Oscar Machioni enjoys a versatile career as solo and collaborative pianist, teacher and mentor, author, adjudicator, recording artist, and higher education administrator. Oscar grew up in Tafí Viejo, a small town in northern Argentina, and at age eight he asked his parents for piano lessons. His piano studies were carried out without a piano at home. In fact, he was 18 when his parents were able to buy him his first piano. Creativity was boiling in his blood, but without a piano his outlets were playing and composing for the recorder, painting, designing, Legos, chemistry sets, build things with wood, and theatre.
The lack of piano did not derail him from pursuing a career in music. Following high school graduation, he enrolled at Universidad Nacional de Tucumán for Civil Engineering and Music. After two months, he quit Engineering and dedicated himself completely to music. He progressed very quickly and in 1992 obtained a scholarship to study piano at the Academy of Music of Krakow. Upon graduation and a short visit to relatives in New York City, where he took private lessons, Oscar decided to continue with his Masters in Piano at SUNY-Fredonia, later transferring to Louisiana State University. Finally, completing his Doctoral piano studies at the University of Arizona (UofA). He is always thankful to all his piano mentors who believed in him: Lucia Herrera, Celina Lis, Ewa Bukojemska, Ana Maria Trenchi de Bottazzi, Phyllis East, Michael Gurt, Nohema Fernandez, and Tannis Gibson.

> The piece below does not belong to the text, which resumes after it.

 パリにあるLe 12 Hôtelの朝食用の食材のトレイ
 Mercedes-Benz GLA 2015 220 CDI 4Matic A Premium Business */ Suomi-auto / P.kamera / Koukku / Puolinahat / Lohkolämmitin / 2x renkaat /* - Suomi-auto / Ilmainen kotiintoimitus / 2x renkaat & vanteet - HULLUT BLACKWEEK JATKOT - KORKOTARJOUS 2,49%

While a student at the UofA he won a summer Graduate Fellowship from the Smithsonian Institution’s Center for Latino Initiatives where he conducted research on the impact of the Argentine tango in the music of the US. This opportunity granted him access to documents and scores later becoming the topic of his dissertation: The Tango in American Piano Music. Selected Tangos by Thomson, Copland, Barber, Jaggard, Biscardi, and Bolcom, which was then published as a book by College Music Society. He has also published articles in piano pedagogy and literature.